Lennox raised her eyebrows. “Care to explain?”
“I will,” Winchester said. “Hulce was … a deviant, let’s say. He was damned, essentially, according to the bible. And it was my duty to bring him back into the fold, bring him back to living a good clean moral life, you see.”
“He was gay.” Evans said.
The fat man winced. “If you wish to put it like that, yes.”
“And you persecuted him for it,” Lennox said.
Winchester shook his head.
“You were trying to force him to go on this course,” she said and nodded to Evans.
“’Pray the gay away’,” Evans quoted, placing the document on the table.
“There’s nothing wrong with that,” Winchester said. “I was well within my rights.”
“You threatened him he would lose his job if he refused,” Lennox said.

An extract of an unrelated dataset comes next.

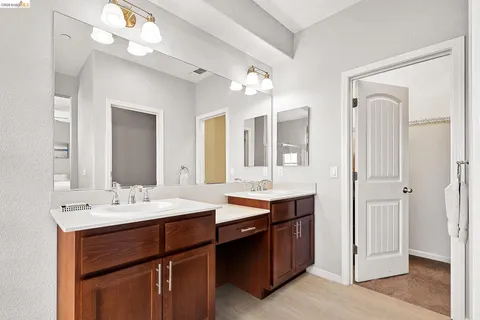 a room with a sink vanity and a mirror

“I was doing it for his own well being.”
“All the man ever wanted to do was work with sharks,” Lennox said. “That’s all.”
“And he could have done so,” Winchester replied. “If he had cured himself of his deviancy.”

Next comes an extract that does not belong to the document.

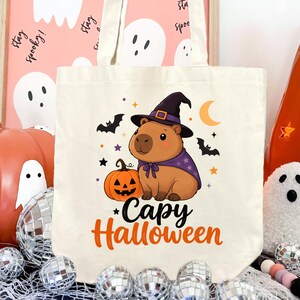 Puede incluir: Una bolsa de tela color crema con el gr&aacute;fico de un capibara marr&oacute;n que lleva un sombrero de bruja y una capa morada, sentado junto a una calabaza. El dise&ntilde;o incluye murci&eacute;lagos, estrellas, una luna creciente y el texto Capy Halloween en naranja.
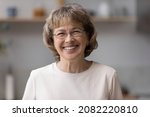 Happy older mature 60s woman indoor head shot portrait. Cheerful elder lady wearing eye glasses, casual, looking at camera with toothy smile, posing at home, laughing. Video call screen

“Oh he did,” Lennox leaned forward, her voice becoming a snarl. “He sliced himself open with a razor blade to excite the sharks and then fed himself to them. Because of you.”
“Is there anything we can get him on?”
“Nothing, really, sir,” Lennox shook her head. “We don’t really have enough proof for anything criminal, and we don’t have standing to sue for anything civil.”
The chief constable breathed deeply.
“It leaves a bitter taste, Lennox,” he said. “I don’t like it.”
“I don’t either sir.”
The chief constable looked down at his desk, and tapped his right index finger against his left hand.
“You know, Lennox,” he said, looking up. “We haven’t really said anything to the press yet, have we?”
She shook her head. “No, sir.”
“It would be a shame if someone happened to anonymously leak the details of this case to them, wouldn’t it?” he smiled. “After all, we wouldn’t be in a position to deny it if the leaks were actually true, would we?”
Lennox began to smile. “No, sir.”
“And if they happened to somehow get hold of that letter telling him he’d lose his job…”
Lennox grinned. “Are you sure about this, sir?”
“I think in this case we’ll use his own yardstick, shall we?”
“Render unto Caesar what is due to Caesar, isn’t that what the Bible says?”
“I think we might be in the realms of An eye for an eye, here sir.”
The chief constable settled back in his chair.
“I think I can live with that, Inspector, if you can.”